Homeschool and Socialization
BevK April 28th, 2007
CBN has posted an article that takes a look at homeschoolers and socialization from a Christian perspective. It has some interesting things to say including the results of testing homeschoolers and public schoolers with the Vineyard Adaptive Behavior Scale. I don’t know what that tests, but I’ll be looking into it.
Socialization: Homeschooling vs. the Schools
92 percent of superintendents believe that home learners are emotionally unstable, deprived of proper social development and too judgmental of the world around them, according to a California study by researcher Dr. Brian Ray .
Questions about inadequate socialization are often brought up as a means to disqualify homeschooling as a viable alternative form of education, but are the arguments valid?
That really is the question. From the article:
So how do these different settings affect children? Dr. Thomas Smedley believes that homeschoolers have superior socialization skills, and his research supports this claim. He conducted a study in which he administered the Vineyard Adaptive Behavior Scales test to identify mature and well-adapted behaviors in children. Home learners ranked in the 84th percentile, compared to publicly schooled students, who were drastically lower in the 23rd.
The article goes on to look at what makes homeschooling different and why homeschoolers would do so well on such a test.
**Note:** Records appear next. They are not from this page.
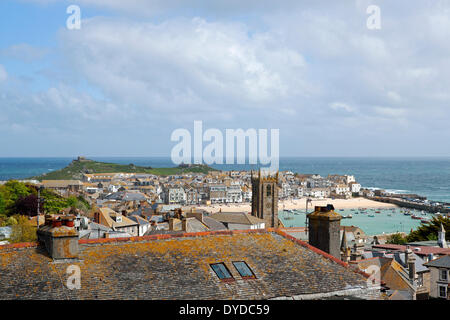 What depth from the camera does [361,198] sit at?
174 m

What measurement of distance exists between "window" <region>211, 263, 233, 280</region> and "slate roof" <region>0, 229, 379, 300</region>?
122mm

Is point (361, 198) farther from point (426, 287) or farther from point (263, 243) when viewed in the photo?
point (263, 243)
Perhaps the most important statistic quoted in this article, where Christian parents are concerned, is the percentage of Christian youth disowning their faith.
Consistent with these figures, Christian producer and occult expert Caryl Matrisciana reports that 75 percent of public-schooled American youth brought up in Christian households disown their Christian faith by the first year of college. NHERI finds that this is only true for less than four percent of homeschooled youth.